Put it this way, If you get the auto you have to pay another $1200 bucks ave. in "Gas Guzzler" tax!!!!!! :willy:


----------



## Guest (Jul 24, 2005)

furgburg said:


> I am a newbie here, looking at purchasing an 05. I really would rather have an automatic. How is the performance in an auto vs. a stick. Also how is the milage. Thanx


The manual trans is the performance transmission. The manual transmission is lighter, runs cooler and is more efficient than the automatic. It also, unlike the automatic, provides the driver with full control of gear selection. Now, some GTO ads/reviews claim the automatic provides a better 0-60 time but this is undoubtedly due to driver error, probably those unfamiliar with shifting the T56. Every other ad/review you see for any other car on the market has a manual version always being faster than an auto. 

Mileage, of course, is better with the manual tranny, also. Pretty much the only advantage an automatic transmission provides from a performance standpoint is the fact that an auto generally provides more consistent ETs for those into bracket racing but for pure performance due to less weight and heat you cannot beat a manual transmission. Look at what race cars in almost any class of racing besides bracket drag racing use- manuals.


----------



## furgburg (Jul 24, 2005)

I am not really lookin to race the car, just wanna be able to hold my coffee cup in one hand and steer with the other.


----------



## SJAndrew (Sep 28, 2004)

The biggest knock on the M6 is the "driving in traffic" argument.

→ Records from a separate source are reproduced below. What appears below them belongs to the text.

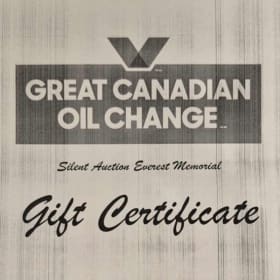 (#1) Great Canadian Oil Change item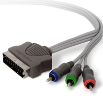 Kabel Tech+Link Wires1st Scart - RGB, 1 m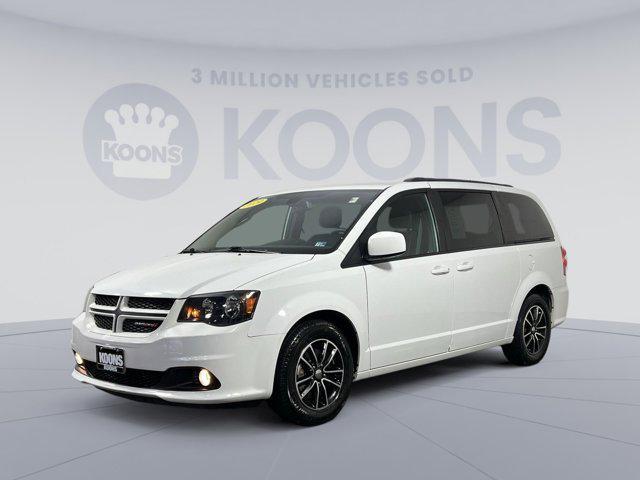 used 2019 Dodge Grand Caravan car, priced at $14,250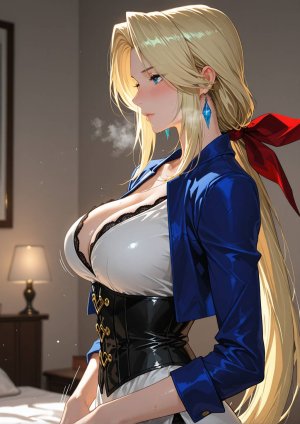 KALA NSFW VAMA - helena douglas 593p Patreon - Page 5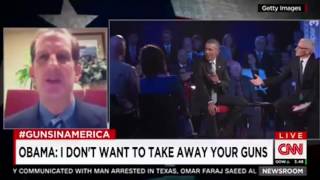 Erich Pratt Spars With Cnn Host Over Guns Theblaze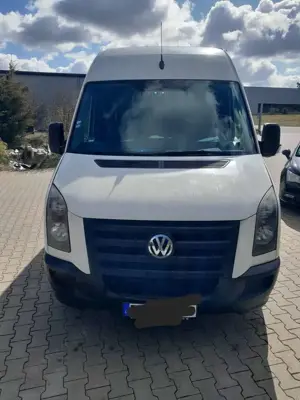 Volkswagen Crafter Crafter 35 TDI 35 L TDI DPF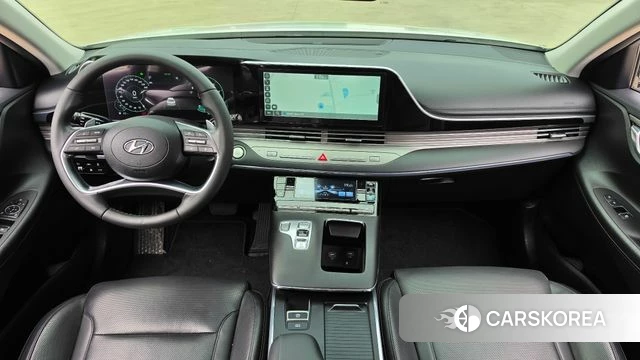 Hyundai The New Grandeur IG id 4535028 из Кореи 29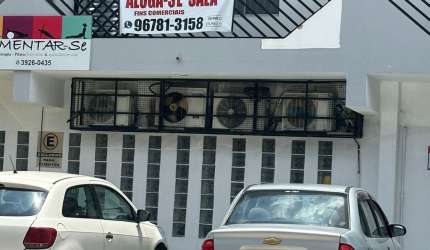 Sala Comercial na Av Itaberaba
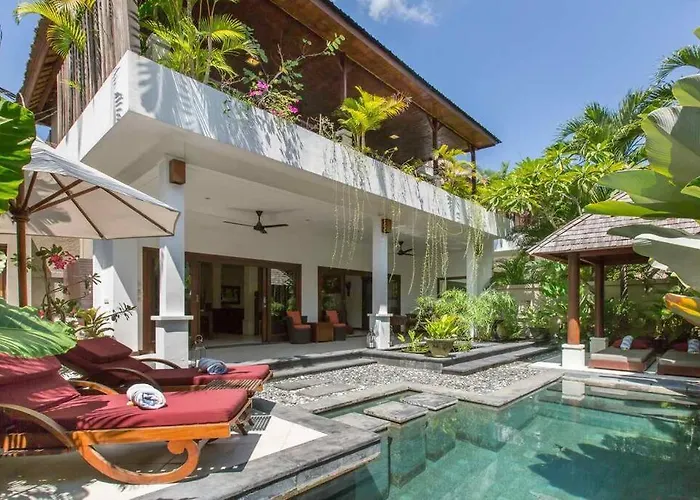 2Br Private Pool Walking Distance To The Beach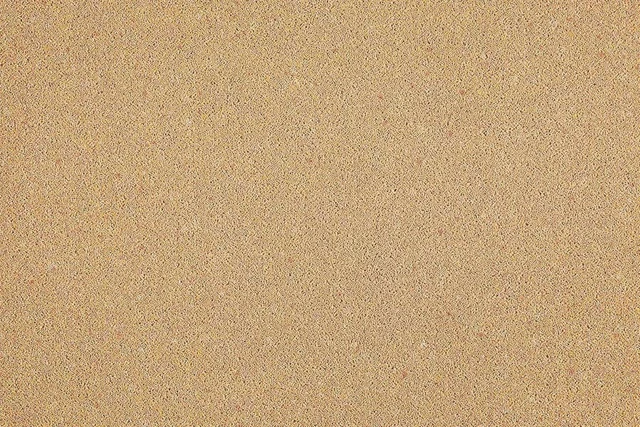 A swatch of York Wilton Sahara from Ulster Carpets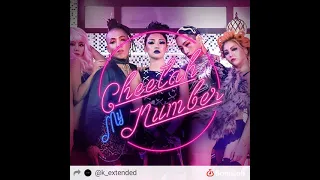 Cheetah (치타) — My Number | Extended Version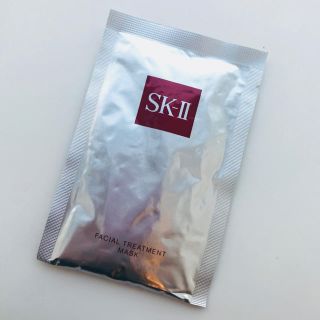 エスケーツー(SK-II)のSK- II フェイシャルトリートメントマスク(パック/フェイスマスク)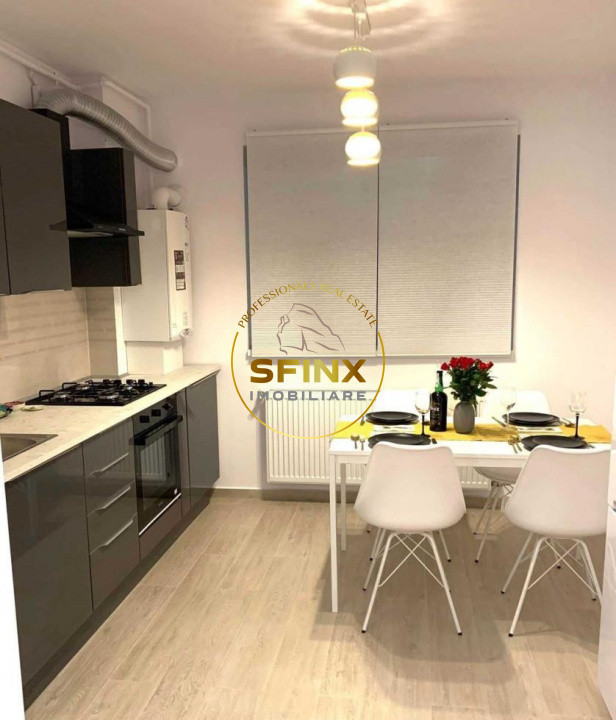 2 camere Hlils Pallady centrala loc parcare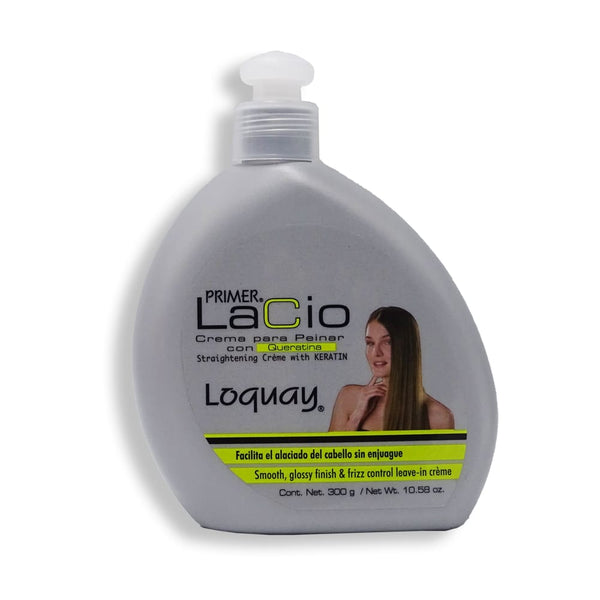Loquay LOQUAY, S.A. PRIMER LACIO CREMA PARA PEINAR 300G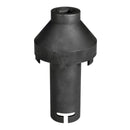 DRAPER 07117 Groove Lock Nut Socket for Mercedes-Benz Atego, 80-95mm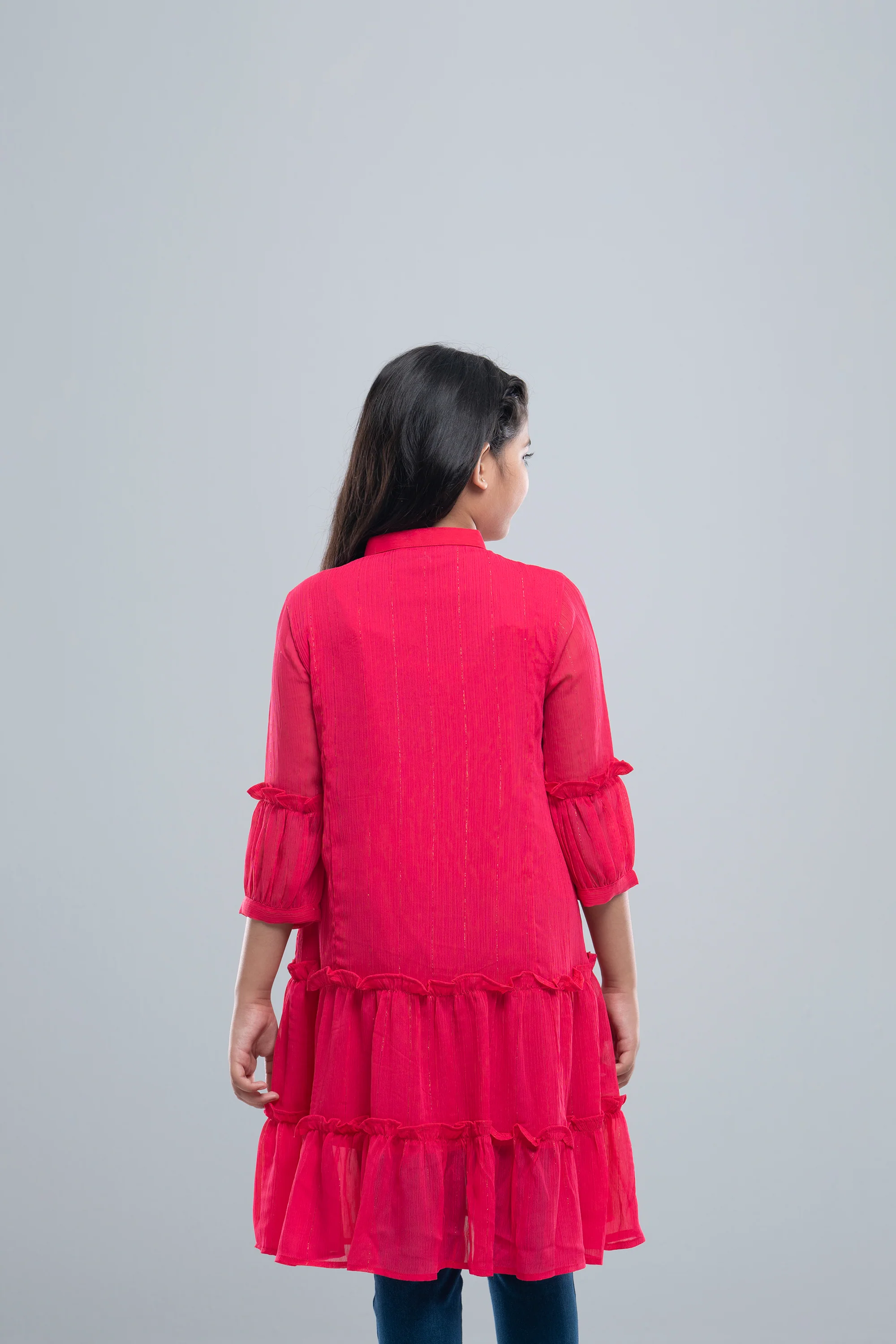 Princess Top (6-8 Years) - Image 4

I drive in TERRIBLE Denver traffic everyday and have not once regretted getting the M6.

The Manual is _driving_ the car - no frustration waiting for the downshift. You are in control.


----------



## Goatacular (Jun 24, 2005)

No disrespect to my left hand steering brethren...but Auto is wonderful and yes it is a little quicker but manual gets better mileage...so get the auto and the coffee :cheers


----------



## RiceEater (Jun 21, 2005)

I will say the tremec in these goats is quite amazing. There really is almost no difference in actuality between the A4 and the M6, other than the obvious one has a clutch and shifter while the other does not. The two really have the exact same speed times its just of course the auto doesn't require the skill in shifting to get a faster time. The gas mileage on the two is really abot the same, except if you're going on long trips... then the M6 manages to come out ahead by 2 or 3 mpg. 

I currently drive an A4 05, and got one just because I don't always feel like wanting to shift. I have driven the M6 model frequently though (a friend owns one). We both agree that either way you go, you can't make a wrong decision. It's simply a matter of if you get a lot of enjoyment out of controlling the gear your car is in and shifting it yourself, or whether you enjoy just pressing the gas and enjoying the ride. As much as some people with give the classic argument that the manual is always better (other than being able to control your downshifts), or whatever reasons they may present for the auto being better, those rules really don't apply to the goats. One truly is quite equal to the other.

I will say however that when I get my next goat (most likely an 06 sometime seemingly soon) I will get it in an M6 version, jsut to have a fun choice between the two. Although I'm trying to decide between another goat or a MB SL65AMG


----------



## Wing_Nut (Mar 6, 2005)

If you don't mind paying the gas guzzler tax to big brother and you can live with 20% higher gas bills, by all means get the auto.

The Tremec T56 is not the slickest or quickest 6M by far. It's actually clunky and slow. I've got 6,500 miles of experience with it in the GTO.

The 4L65E on the other hand is a very smooth and reliable auto. I've got the same transmission in my 2002 Denali with 50K miles on it and I love it.

As for the real man who thinks that an automatic is only quicker due to driver error... 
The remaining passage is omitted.